Uluslararası yaygınlığa sahip bir cep telefonu firması, Türkiye bölümünü, yeni organizasyon şemasında Avrupa’dan alıp Asya’ya bağlamış... Gazeteler ilk gün bu haberi tepkisiz verdiler.
“Neden tepki çeksin?” derseniz Türkiye’de yaşamıyorsunuz demektir... Türkiye daha AB ile ortaklık yolunda ciddi adımlar atmadığı dönemlerde bile kendini ‘Avrupalı’ kabul eden bir ülke; bunun için bayağı mücadeleler verildiği de biliniyor. Türkiye’yi Asya’da kabul eden bir anlayışın hemen her kesimden tepki çekmesi beklenir...

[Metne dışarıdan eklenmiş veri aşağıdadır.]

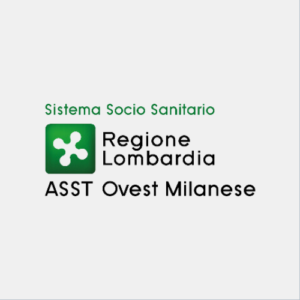 concorso-pubblico-logo-ente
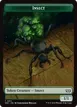 Insect #11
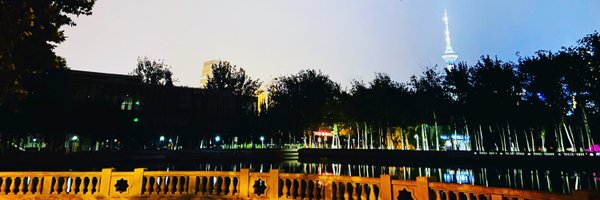 Guo_Group Profile Banner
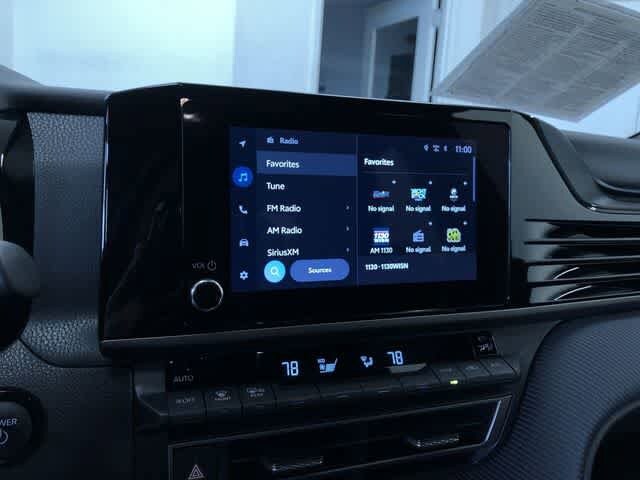 Thumbnail: 2026 Toyota Camry - 30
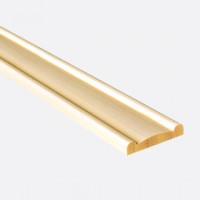 Дерево пиано 1", 122см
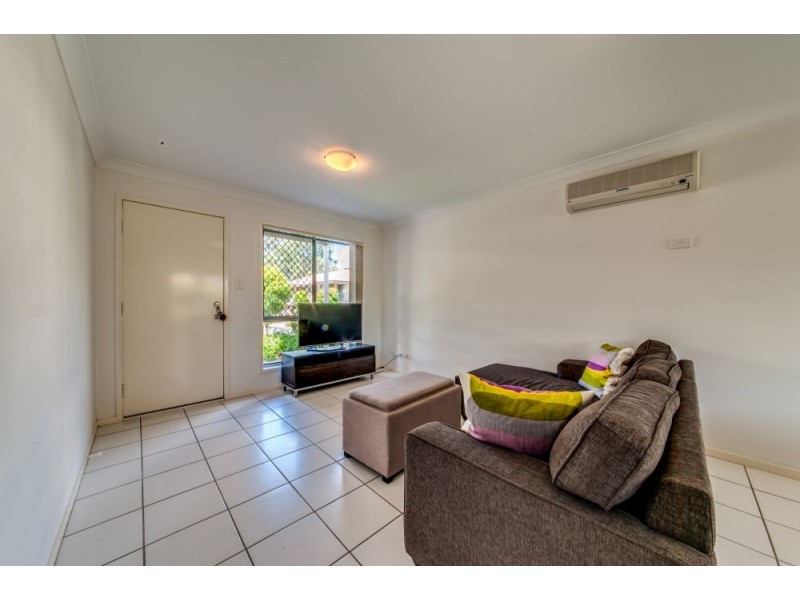 22/220 Government Road, Richlands QLD 4077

Bunu bildiğim için haberin gazetelerde nasıl sürdürüleceğini merak ettim.
Ertesi gün, yani dün, hemen bütün gazetelerde, aynı firmanın Türkiye bölümünün başındaki yöneticinin görev alanının genişlediği, uluslararası firmanın pek çok başka ülkedeki bölümlerinin de ona bağlandığı haberi yer alıyordu.
Türkiye’nin Asya’ya bağlanması? Haberler bu ‘küçük’ ayrıntıyı görmezden gelerek kaleme alınmıştı.
Unutmayalım: Medyanın reklâmverenleri sıralamasında cep telefonu firmaları en üst sıraları işgal ediyor...
***
ABD Başkanı Barack Obama, nereden aklına geldiyse, geçen gün e-kitap okuma aracı ‘Kindle’ üzerinden yapılan bir mülâkata katılıp ‘gazetecilik’ mesleği hakkındaki görüşlerini açıkladı. Son zamanlarda en hafifi ‘liderlik yapamadığı’ olan pek çok konuda ağır eleştirilere muhatap olan Obama, ‘fırsat bu fırsat’ deyip kendisini eleştiren gazetecilere karşı-saldırıya mı geçti?
Hayır. Farklı bir tavır benimsedi ABD Başkanı. Gazetecilere özetle “Sizin devriniz geçti” mesajı vermeyi yeğledi. Gazetelerin artık okunmadığını bile söylemedi; yalnızca bugünün teknolojik ortamında ayakta kalamayıp kapandıklarını vurguladı. “O eski zamanlar geri gelmez” dedi. Magazin basınından rahatsızlığını da doğrudan aktarmak yerine, “Bizim zamanımızda pop kültürünün figürleriyle ilgilenilmezdi” demeyi tercih etti.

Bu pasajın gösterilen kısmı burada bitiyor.